One year ago my daughter who was five then paid attention for the first time to the crucifix from the church. Seeing the image of Christ crucified she started to ask me questions which I answered, though not as I wished. Now after almost a year I think I know how I could help her make the choice she has already made without my help.
`Mummy, look, blood!`
My daughter points towards the Crucifixion. In her eyes are shown many emotions: lack of understanding, compassion and fear…She tries to hide behind my back as if she was frightened by her discovery.
`This is Christ `– I explain, trying to keep my voice at the right tonality for wining her confidence. `He died so that we could live`…
I kiss the feet of the Savior suggesting with this gesture to my daughter that she should have done the same thing, but she remained in place, irresolute.
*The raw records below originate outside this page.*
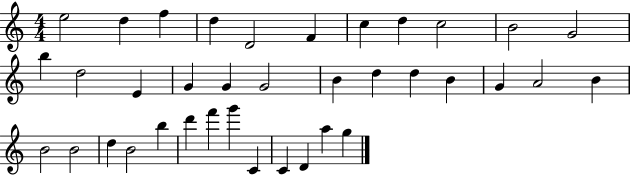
{
  \clef treble
  \numericTimeSignature
  \time 4/4
  \key c \major
  e''2 d''4 f''4 | d''4 d'2 f'4 | c''4 d''4 c''2 | b'2 g'2 | \break b''4 d''2 e'4 | g'4 g'4 g'2 | b'4 d''4 d''4 b'4 | g'4 a'2 b'4 | \break b'2 b'2 | d''4 b'2 b''4 | d'''4 f'''4 g'''4 c'4 | c'4 d'4 a''4 g''4 | \break \bar "|."
}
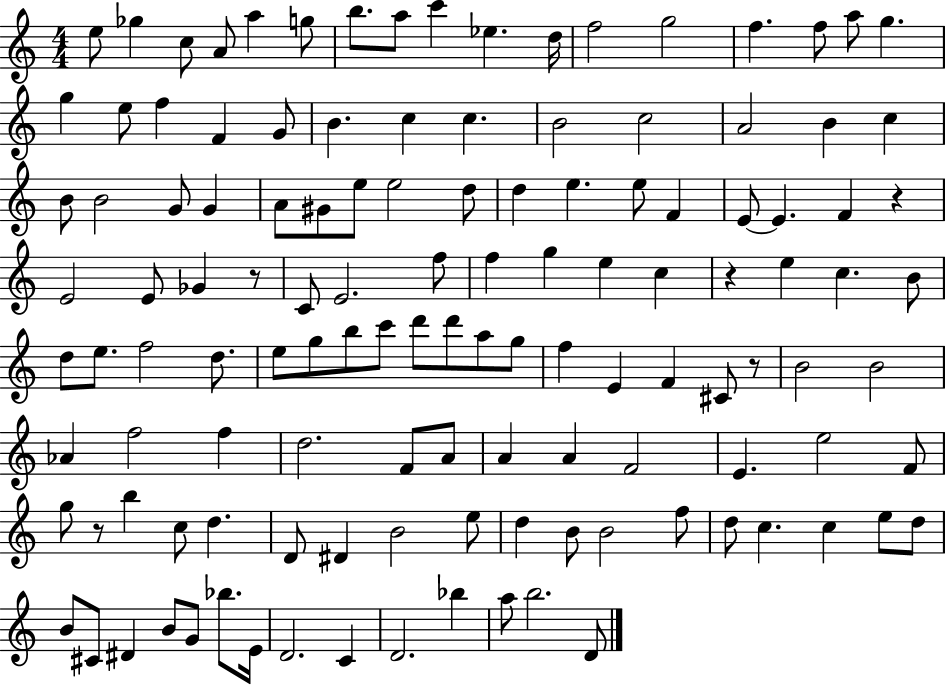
X:1
T:Untitled
M:4/4
L:1/4
K:C
e/2 _g c/2 A/2 a g/2 b/2 a/2 c' _e d/4 f2 g2 f f/2 a/2 g g e/2 f F G/2 B c c B2 c2 A2 B c B/2 B2 G/2 G A/2 ^G/2 e/2 e2 d/2 d e e/2 F E/2 E F z E2 E/2 _G z/2 C/2 E2 f/2 f g e c z e c B/2 d/2 e/2 f2 d/2 e/2 g/2 b/2 c'/2 d'/2 d'/2 a/2 g/2 f E F ^C/2 z/2 B2 B2 _A f2 f d2 F/2 A/2 A A F2 E e2 F/2 g/2 z/2 b c/2 d D/2 ^D B2 e/2 d B/2 B2 f/2 d/2 c c e/2 d/2 B/2 ^C/2 ^D B/2 G/2 _b/2 E/4 D2 C D2 _b a/2 b2 D/2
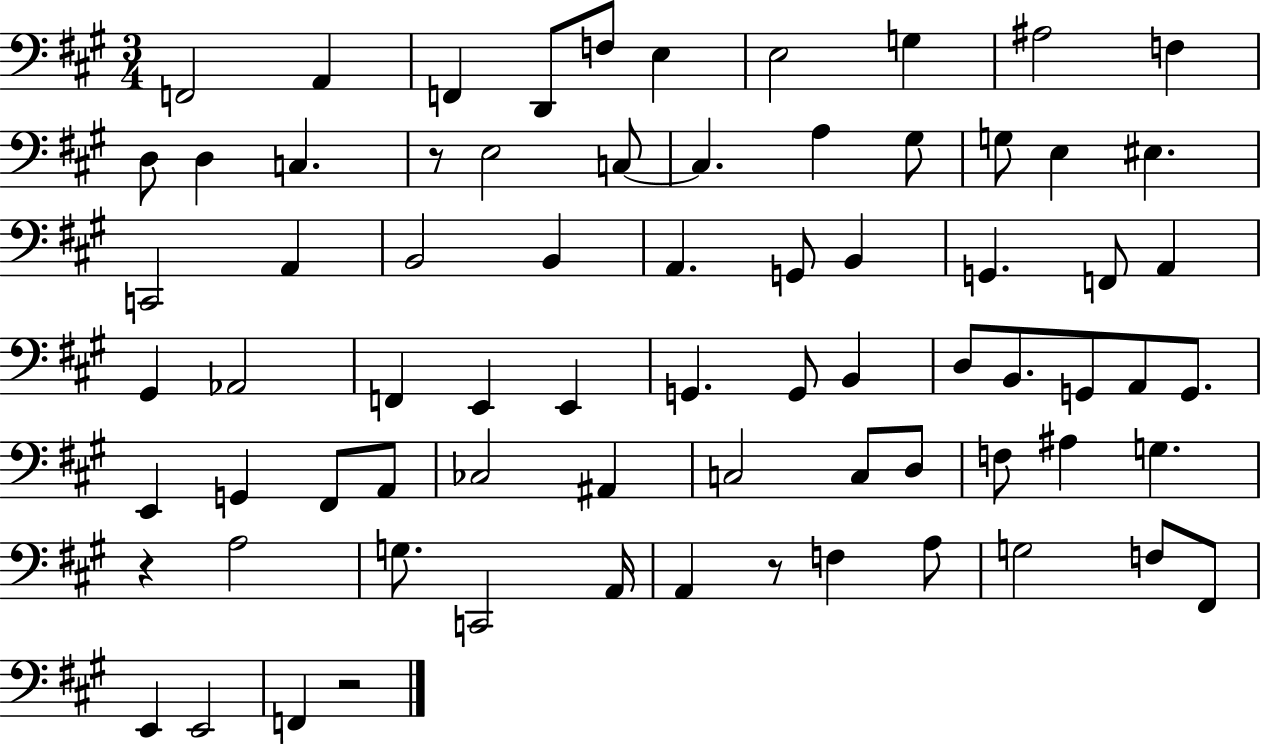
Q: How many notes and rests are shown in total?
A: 73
The expression from her face and her gaze obviously tell that her fear is replaced by curiosity. She watches Christ the Savior carefully.
`If He died does it mean He doesn’t exist anymore?`
She speaks softly almost inaudible. Her fear disappeared completely but now her words express her bewilderment.
`God always exists` – I answer being surprised that even for me it is not quite clear everything, but my daughter seems happy. `God died then was resurrected.` `He is always with us and helps us when we ask Him.`
Her mistrust disappears.
`And we will be resurrected too after we die?`
She doesn’t speak in a whisper anymore but not too loud either. On her lips and in her eyes it’s shown a vague smile.
`If we love God, He will resurrect us.`
Her expression becomes again serious and musing. She points towards the blood from Christ’s wounds.
`They didn’t love God?`
`They.` Interesting. What can she imagine when saying this `they`?
`Maybe they were afraid of Him` – I try to speak confidently. Although it is even harder to go on answering to her questions.
`They could have just asked Him and He would have driven away from them any fear!`
My girl says these words with an expression like that of Newton when discovering the law of gravity.
`He taught them.` `He taught them to love.` `But it’s not that easy to love`…
The girl stood still. She muses at the words she has just heard. Probably the thought that to love is harder than to crucify cannot be comprehended by her. I stand still too.
Involuntarily in my mind appears a prayer: `Lord, help me understand and accept what I have just explained to my daughter.` `God, help me learn to love and not to crucify.`
My daughter turns her gaze towards me. Her eyes are wide open. I remain silent. She looks again at the Savior’s face and raises her hand as if she wanted to touch the Crucifixion. We keep on being silent for a few minutes. She takes my hand. Her fingers tremble and her eyes are brimming with tears.
`I don’t want like them` – she says in a whisper – `I want with Him`…
We stood a little like that while I was trying hard to put my thoughts in order. But all I could do was to pray to God to help us. Not for something particular, just to help us for ever… To help us in what He considered it was necessary. I had no idea what my daughter was thinking about but I know that her thoughts were not that of a child in those moments.
Of course after this incident she has not become more obedient or less prankish, she remained the same five years old girl. But from that moment on I have many times noticed that my daughter prayed in a whisper and I saw her inexpressible joy when she realized that her prayers were heard. And her sincere and unconditioned faith support me in moments of despondency.